アメリカ軍基地のある沖縄の姿を撮り続けてきた、沖縄の2人の報道カメラマンの写真展が、県立博物館美術館で開かれています。沖縄の「終わらない戦後」と題した写真展。戦後70年を迎える今、写真展に込めた2人の思いを聞きました。
辺野古の新基地建設に、抗議の声をあげる人々。沖縄の本土復帰以前に起きたアメリカ兵による事件事故の現場。報道カメラマンのふたりが伝えてきた沖縄の姿が、時代を過去へ過去へと、さかのぼるかたちで展示されています。
元琉球新報社カメラマン・山城博明さん「すごい数でした、滑走路から溢れて、駐機場にも入らないので、滑路の端に駐機しているんですね。日本でありながら日本でない。」
大学時代からの友達であり、沖縄の報道カメラマンとして、40年以上写真を撮り続けてきた二人の「ひろあき」さん。「沖縄になぜ今も基地があるのか、その原点を知ってほしい」と、ふたりは、会場の一番奥に、「沖縄戦」をテーマにした写真を展示していました。

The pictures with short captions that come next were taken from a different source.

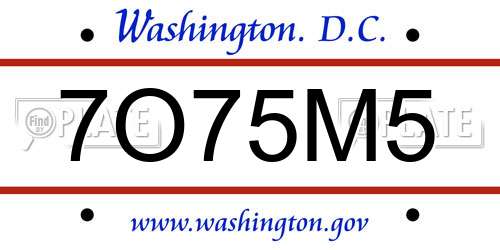 7O75M5 District Of Columbia License Plate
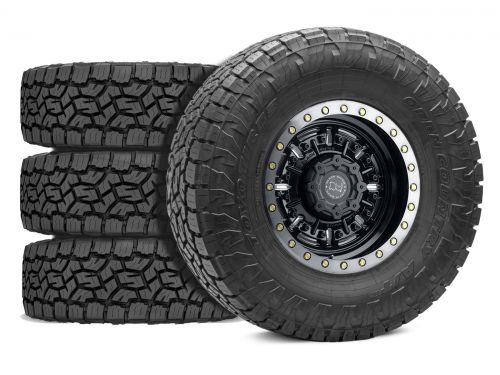 F250/F350 2005-2010 Ford 4WD (w/ 4.5"-7" Lift) - 37x12.50r20 Toyo Open Country AT III / 20x9.5 Black Rhino Abrams Gloss Gun Black / Tire & Wheel Package (set of 4)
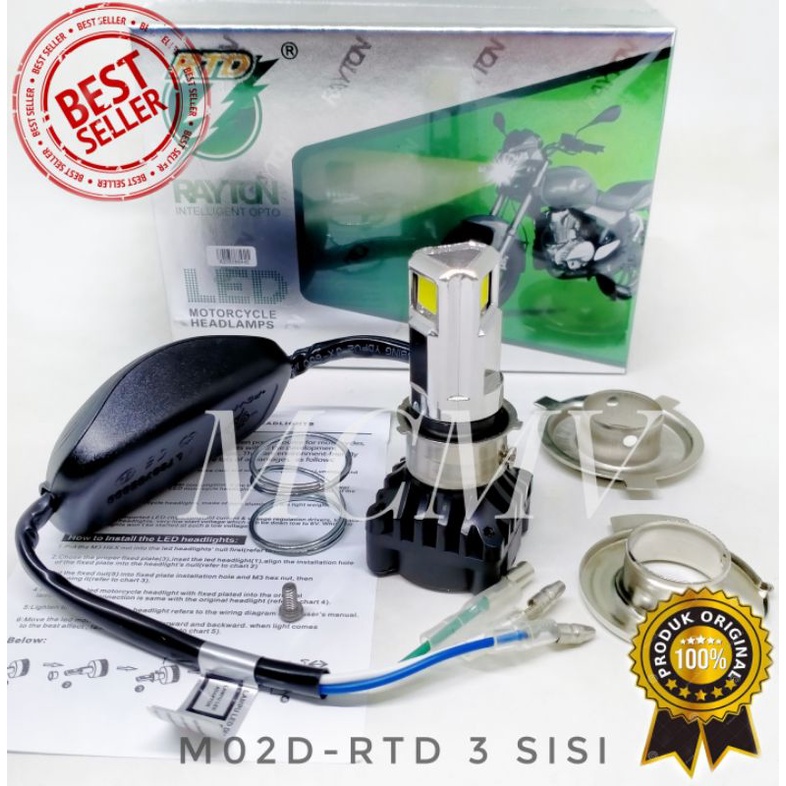 LAMPU LED MOTOR RTD 6 SISI / 3 SISI 100% ORIGINAL GARANSI AC DC + KIPAS BOHLAM DOP LAMPU DEPAN UTAMA LED RTD ORI ASLI M02D M02E 3 6 TITIK MATA 6 SISI H4 H6 30 35 WATT WHITE YELLOW PUTIH KUNING ICE BLUE BEAT VARIO MIO NMAX LEXI PCX CBR SCOOPY AEROX VIXION-3 SISI PUTIH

元沖縄タイムス社カメラマン・大城弘明さん「おばあと私の娘です。おばあは沖縄戦で大変な目に合って、戦争って大変だよ。絶対にやってはいけないよと、小さいころから教えてくれたんで。みんなに・・・この写真から何かを感じてほしいから。」
そして、山城さんが写したのは、慶良間諸島の「集団自決」で生き残った人たちの姿でした。
山城博明さん「人の触れてはならない部分に触れるわけですから、話す本人も最初は躊躇しますよね。自分の使命として、写真でこれらの事実を残して、後世に伝えなければいけないということだけですね。」
「沖縄戦」を原点に、沖縄の声なき声を撮り続けてきたふたりが、新聞から訴えてきたぶれない軸足が、そこにはありました。
大城弘明さん「沖縄のマスコミは住民の側に立って偏っていますよ、本当に。僕もそうですよ。当然じゃないですか。マスコミは権力を監視するのが仕事であって、住民の側に立つのが当たり前であって、国の言いなりになるんだったら、マスコミはいらないですよ。」
写真の一枚一枚には、撮影をしているカメラマン2人の苦しみや悲しみ、そして怒りも投影されているように感じます。写真展は、今月19日まで開かれています。